Die 27-Jährige ist eine von vier Erzieherinnen, die in den beiden Kitas der Christuskirchengemeinde in Bad Vilbel in der Nähe von Frankfurt am Main arbeiten. "Wir versuchen neue Wege zu gehen, um unsere Stellen zu besetzen", sagt Klaus Neumeier, Pfarrer der Gemeinde. Innerhalb der Evangelischen Kirche in Hessen und Nassau (EKHN), deren Gemeinden und Dekanate Träger von rund 600 Kitas sind, werde das Projekt "gespannt beobachtet", berichtet er.
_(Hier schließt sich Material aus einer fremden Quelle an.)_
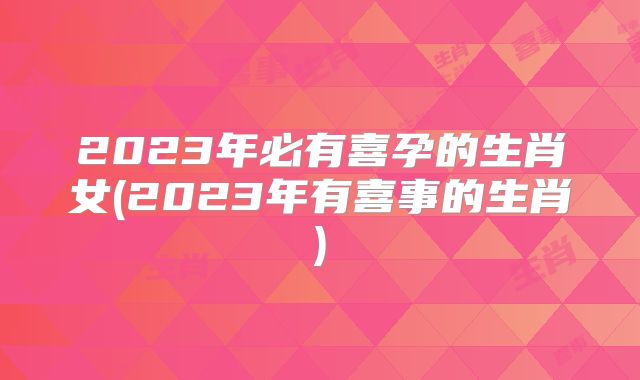 2023年必有喜孕的生肖女(2023年有喜事的生肖)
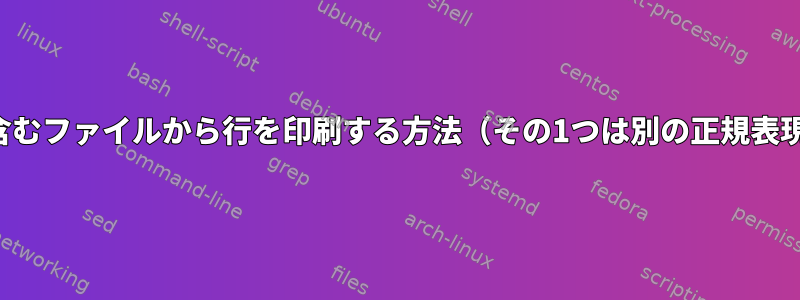 2つの正規表現を含むファイルから行を印刷する方法（その1つは別の正規表現の部分文字列）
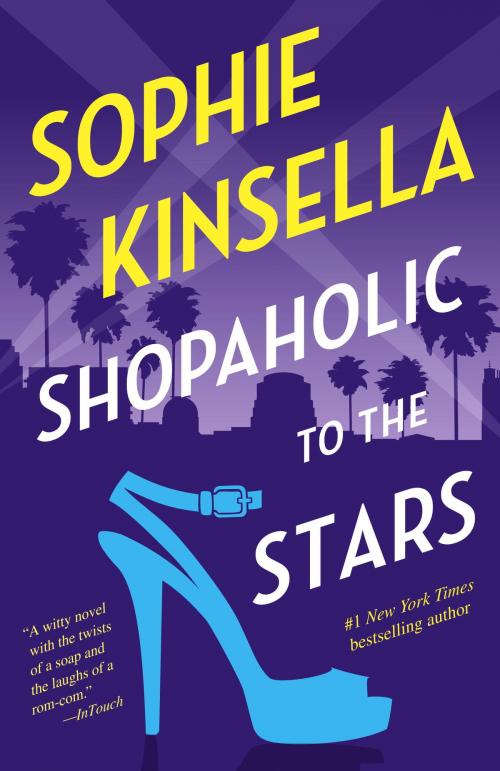 Cover of the book Shopaholic to the Stars by Sophie Kinsella, Random House Publishing Group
Bislang mache die Gemeinde "sehr gute Erfahrungen" mit den Erzieherinnen aus Lateinamerika, aber schlechte Erfahrungen mit der Politik, sagt der Pfarrer. Alle vier Fachkräfte haben in Kolumbien ein Bachelor-Studium in Frühkindlicher Bildung absolviert und erste Berufserfahrungen gesammelt. Da der Abschluss hier nicht anerkannt wird, müssen sie in Deutschland zunächst ein Anerkennungsjahr leisten, bevor ihr Studium gleichwertig mit der deutschen Erzieher-Ausbildung gewertet wird. Neben den finanziellen Nachteilen für die jungen Frauen sei dies auch ein Ausdruck mangelnder Wertschätzung, kritisiert Neumeier.
In der Einrichtung in Bad Vilbel ist das anders. Laura Carolina Polo Ibarra spricht von einem "großartigen Team", und einer "super Erfahrung". Anfangs war es schwer, die Kinder zu verstehen. "Sie haben sehr schnell gesprochen", erinnert sich die 29-Jährige an die ersten Tage. Inzwischen klappe die Verständigung viel besser.
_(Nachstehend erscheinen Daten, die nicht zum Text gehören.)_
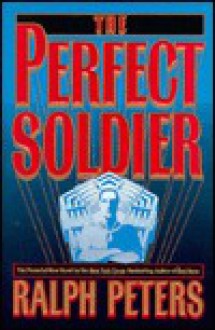 The Perfect Soldier - Ralph Peters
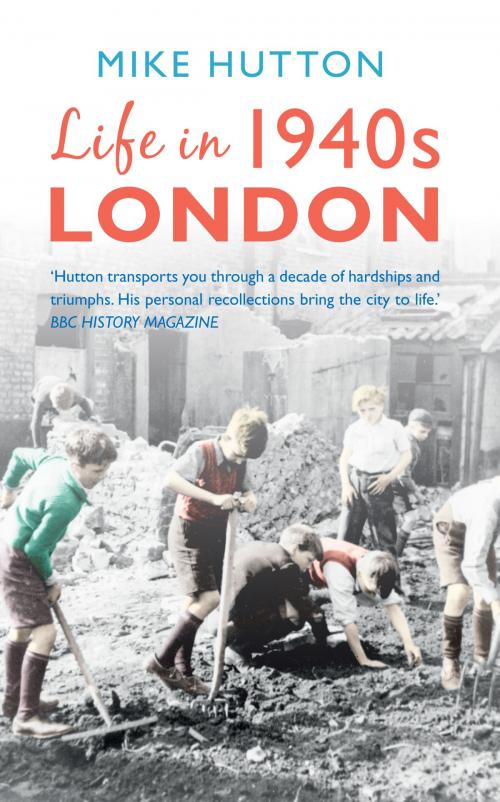 Cover of the book Life in 1940s London by Mike Hutton, Amberley Publishing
Die Frauen loben vor allem die Sicherheit in Deutschland. Shanning Pana Escobar freut sich, alleine als Frau mit dem Fahrrad fahren zu können, "sogar abends um 21 Uhr". In Kolumbien sei das nicht denkbar, dort sei sie nur mit dem Auto unterwegs gewesen. "Mir geht es hier gut, richtig gut", sagt sie.
Maria Alejandra Perez Villalba lobt sogar die Bahn, über die Deutsche so gerne schimpfen. Sie ist erst seit knapp vier Monaten in Deutschland, hat aber schon Düsseldorf, Heidelberg und Köln besucht. Das sei ganz einfach und bezahlbar, sagt die junge Frau. In Kolumbien sei auch das nicht möglich, wegen der größeren Entfernungen nutzten die Menschen das Flugzeug, und das habe sie sich nicht leisten können.
Froh über die Kolleginnen aus dem Ausland ist auch die Leiterin der Kita Arche Noah, Ruth Homann. "Sie gehören schon voll dazu", sagt sie. Wäre die Kirchengemeinde nicht so offen gewesen, "hätten wir jetzt in beiden Kitas zwei Fachkräfte weniger".
Geholfen hat der Gemeinde bei der Suche nach Fachkräften der Personaldienstleiter "TalentOrange" in Neu-Isenburg. Etwa ein Jahr dauere der Weg von ersten Gesprächen in Kolumbien bis zum Arbeitsbeginn in Deutschland, erklärt Tilman Frank, Gründer und Geschäftsführer des Unternehmens. Nach ersten Online-Kontakten lerne er die Bewerberinnen persönlich kennen, es gebe eine Vielzahl von Gesprächen sowie einen Deutsch-Intensivkurs im Heimatland. "Der Spracherwerb ist entscheidend", betont er.
Wie lange die Frauen bleiben werden, kann niemand seriös vorhersagen. Tilman Frank sieht gute Chancen dafür, dass es eine Berufstätigkeit von längerer Dauer werden wird. Die Frauen hätten sich mutig auf einen großen Schritt eingelassen und fänden hier deutlich bessere Lebens- und Arbeitsbedingungen vor. Das gebe man nicht so schnell wieder auf, sagt er. Die Kosten für die Vermittlung beziffert er auf rund 20.000 Euro pro Person, inklusive Sprachkurs, Flug, Stipendium und Visagebühren. Bezahlt hab das zum größten Teil die Stadt Bad Vilbel, zu einem kleinen Teil die Kirche, ergänzt Neumeier.
Laura Carolina Polo Ibarra schätzt inzwischen schon "die Ruhe und den Ernst" der Menschen. Die Frauen aus Lateinamerika vermissen jedoch ihre Familien und Freunde. Telefonate und die Sozialen Medien helfen, den Kontakt zu halten und sich gleichzeitig in Deutschland einzuleben.